所以你应该用%10.6f代替。在bash中可以很容易地测试它

$ printf "%3.6f\n%3.6f\n%3.6f" 123.456 12.345 1.234
123.456000
12.345000
1.234000
$ printf "%10.6f\n%10.6f\n%10.6f" 123.456 12.345 1.234
123.456000
 12.345000
  1.234000

You can see that the later aligns to the decimal point properly.

您可以看到,后面的部分会正确地对齐到小数点。

As sidharth c nadhan mentioned You can use the OFMT awk internal variable (seem awk(1)). An example:

正如sidharth c nadhan所提到的,您可以使用OFMT awk内部变量(似乎awk(1))。一个例子:

$ awk 'BEGIN{print 123.456; print 12.345; print 1.234}'
123.456
12.345
1.234
$ awk -vOFMT=%10.6f 'BEGIN{print 123.456; print 12.345; print 1.234}'
123.456000
 12.345000
  1.234000

As I see in You example the number with maximum digits can be 123456.1234567, so the format %15.7f to cover all and show a nice looking table.

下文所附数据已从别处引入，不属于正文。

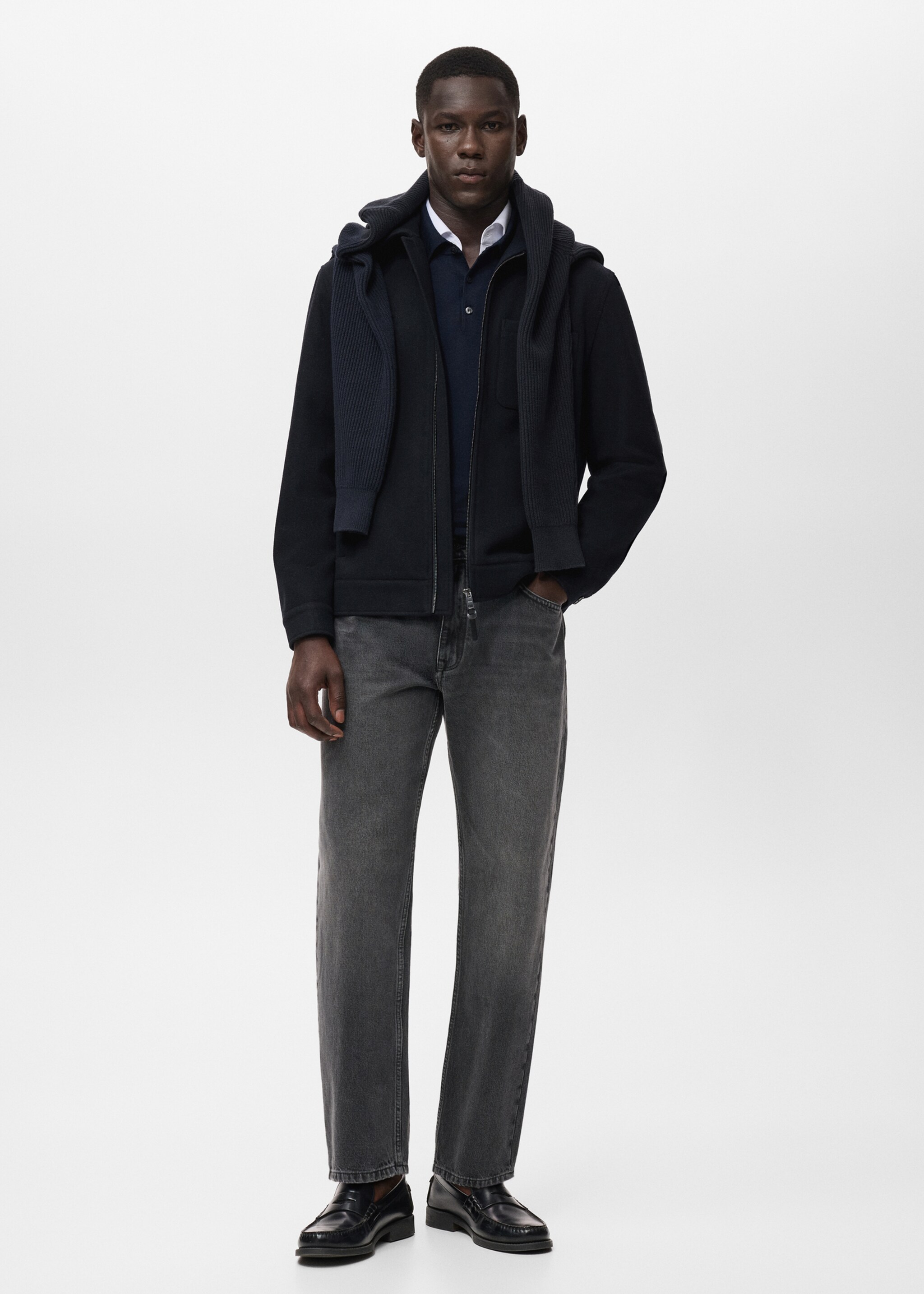 Wool Blend Jacket with Pocket - General plane, Navy. Ref: 17046722-00.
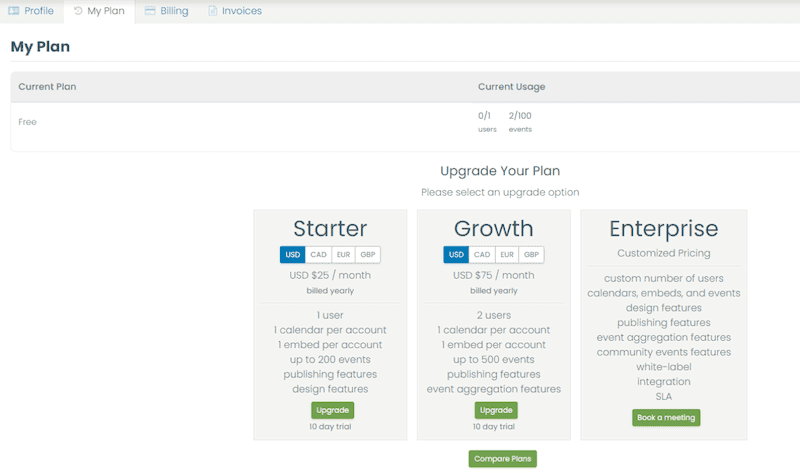 print screen of Timely app dashboard showing upgrade options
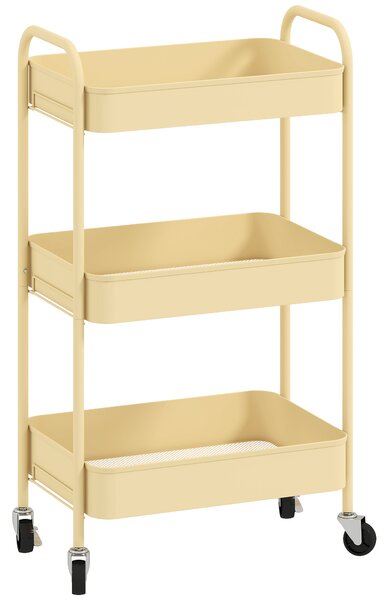 HOMCOM Three-Tier Steel Storage Trolley - Yellow
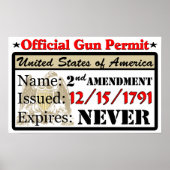 Poster Permis officiel d'armes à feu ! (Devant)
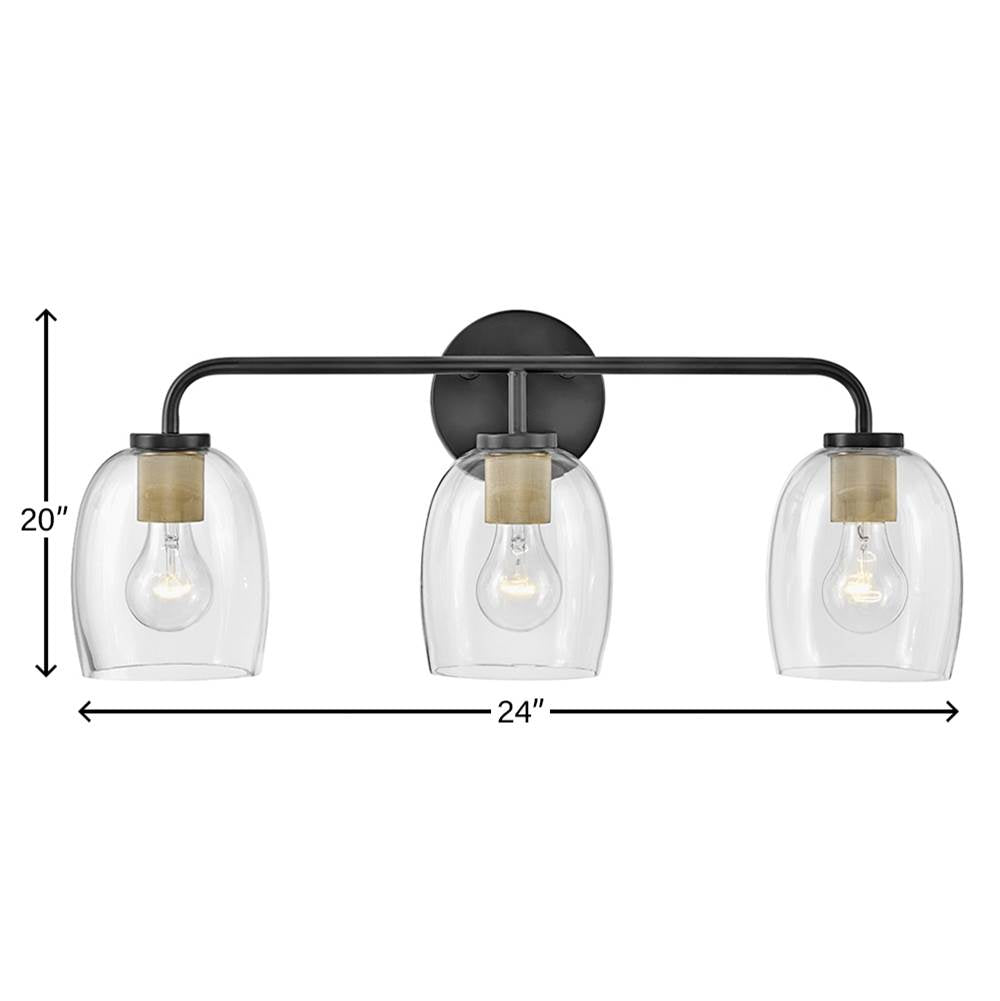 Lark 85013BK Black Three Light Vanity Image 4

正如我在您的示例中看到的,最大数字的数字可以是123456.1234567,因此格式为%15.7f,可以覆盖所有数字并显示一个漂亮的表。

But unfortunately it will not work if the number has no decimal point in it or even if it does, but it ends with .0.

但不幸的是,如果数字中没有小数点,它就不能工作,即使它有,但它以。0结束。

$ awk -vOFMT=%15.7f 'BEGIN{print 123.456;print 123;print 123.0;print 0.0+123.0}'
    123.4560000
123
123
123

I even tried gawk's strtonum() function, but the integers are considered as non-OFMT strings. See

我甚至尝试了gawk的strtonum()函数,但整数被认为是非ofmt字符串。看到

awk -vOFMT=%15.7f -vCONVFMT=%15.7f 'BEGIN{print 123.456; print strtonum(123); print strtonum(123.0)}'

It has the same output as before.

它的输出和以前一样。

So I think, you have to use printf anyway. The script can be a little bit shorter and a bit more configurable:

所以我认为,你必须使用printf。脚本可以更短一些,更可配置:

awk -vf='\t'%15.7f 'NR==FNR{x[$1]=sprintf("%s"f f f,$1,$2,$3,$4);next}$1 in x{printf("%s"f f f"\n",x[$1],$2,$3,$4)}' file1.txt file2.txt

The script will not work properly if there are duplicated IDs in the first file. If it does not happen then the two conditions can be changed and the ;next can be left off.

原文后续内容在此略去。